REQUIRED WORK:
Reproduce exactly the lines that run from the start of the records below to the line with "Wohnhaus 110m² mit", inclusive.

···

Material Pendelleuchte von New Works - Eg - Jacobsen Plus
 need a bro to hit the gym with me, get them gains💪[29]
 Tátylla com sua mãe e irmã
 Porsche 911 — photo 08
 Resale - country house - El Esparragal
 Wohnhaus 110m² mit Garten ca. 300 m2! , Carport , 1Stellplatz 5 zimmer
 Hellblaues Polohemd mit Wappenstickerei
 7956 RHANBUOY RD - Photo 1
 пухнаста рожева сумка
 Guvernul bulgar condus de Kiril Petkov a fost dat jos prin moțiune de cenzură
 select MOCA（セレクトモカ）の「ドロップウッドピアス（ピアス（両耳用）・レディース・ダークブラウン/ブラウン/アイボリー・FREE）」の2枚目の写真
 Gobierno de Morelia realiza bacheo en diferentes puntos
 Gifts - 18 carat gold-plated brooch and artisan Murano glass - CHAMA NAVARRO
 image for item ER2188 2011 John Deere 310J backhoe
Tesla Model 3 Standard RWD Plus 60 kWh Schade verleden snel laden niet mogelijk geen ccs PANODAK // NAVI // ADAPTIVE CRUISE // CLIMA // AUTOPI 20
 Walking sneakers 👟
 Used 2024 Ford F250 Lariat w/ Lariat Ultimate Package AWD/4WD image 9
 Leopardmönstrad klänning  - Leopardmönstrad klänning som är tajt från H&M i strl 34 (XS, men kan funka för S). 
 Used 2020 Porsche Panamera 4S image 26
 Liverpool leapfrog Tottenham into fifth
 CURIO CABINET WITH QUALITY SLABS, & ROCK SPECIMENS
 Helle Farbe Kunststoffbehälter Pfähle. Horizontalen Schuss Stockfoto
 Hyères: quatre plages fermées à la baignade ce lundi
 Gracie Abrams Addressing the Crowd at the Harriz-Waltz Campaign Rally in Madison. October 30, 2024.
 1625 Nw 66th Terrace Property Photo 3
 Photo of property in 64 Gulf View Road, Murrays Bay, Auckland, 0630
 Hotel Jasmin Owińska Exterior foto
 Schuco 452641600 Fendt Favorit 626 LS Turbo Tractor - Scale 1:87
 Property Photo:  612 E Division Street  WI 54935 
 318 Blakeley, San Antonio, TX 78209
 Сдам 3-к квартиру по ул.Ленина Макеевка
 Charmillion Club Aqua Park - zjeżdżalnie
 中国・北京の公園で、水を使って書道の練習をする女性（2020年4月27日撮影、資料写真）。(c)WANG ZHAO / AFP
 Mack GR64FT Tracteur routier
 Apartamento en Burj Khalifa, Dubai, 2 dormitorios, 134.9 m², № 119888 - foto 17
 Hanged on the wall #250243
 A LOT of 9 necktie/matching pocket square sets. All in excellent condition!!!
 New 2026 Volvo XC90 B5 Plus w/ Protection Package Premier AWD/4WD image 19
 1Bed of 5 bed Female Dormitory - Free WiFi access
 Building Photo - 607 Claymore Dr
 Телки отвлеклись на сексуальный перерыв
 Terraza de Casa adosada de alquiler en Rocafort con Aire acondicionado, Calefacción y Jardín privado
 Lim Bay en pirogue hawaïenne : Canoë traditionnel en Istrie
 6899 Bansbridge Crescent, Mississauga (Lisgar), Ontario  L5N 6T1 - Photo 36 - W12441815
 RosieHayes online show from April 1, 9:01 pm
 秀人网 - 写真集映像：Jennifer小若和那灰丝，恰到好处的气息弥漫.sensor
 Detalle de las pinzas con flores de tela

···

ANSWER TO THE EXERCISE:
Material Pendelleuchte von New Works - Eg - Jacobsen Plus
 need a bro to hit the gym with me, get them gains💪[29]
 Tátylla com sua mãe e irmã
 Porsche 911 — photo 08
 Resale - country house - El Esparragal
 Wohnhaus 110m² mit Garten ca. 300 m2! , Carport , 1Stellplatz 5 zimmer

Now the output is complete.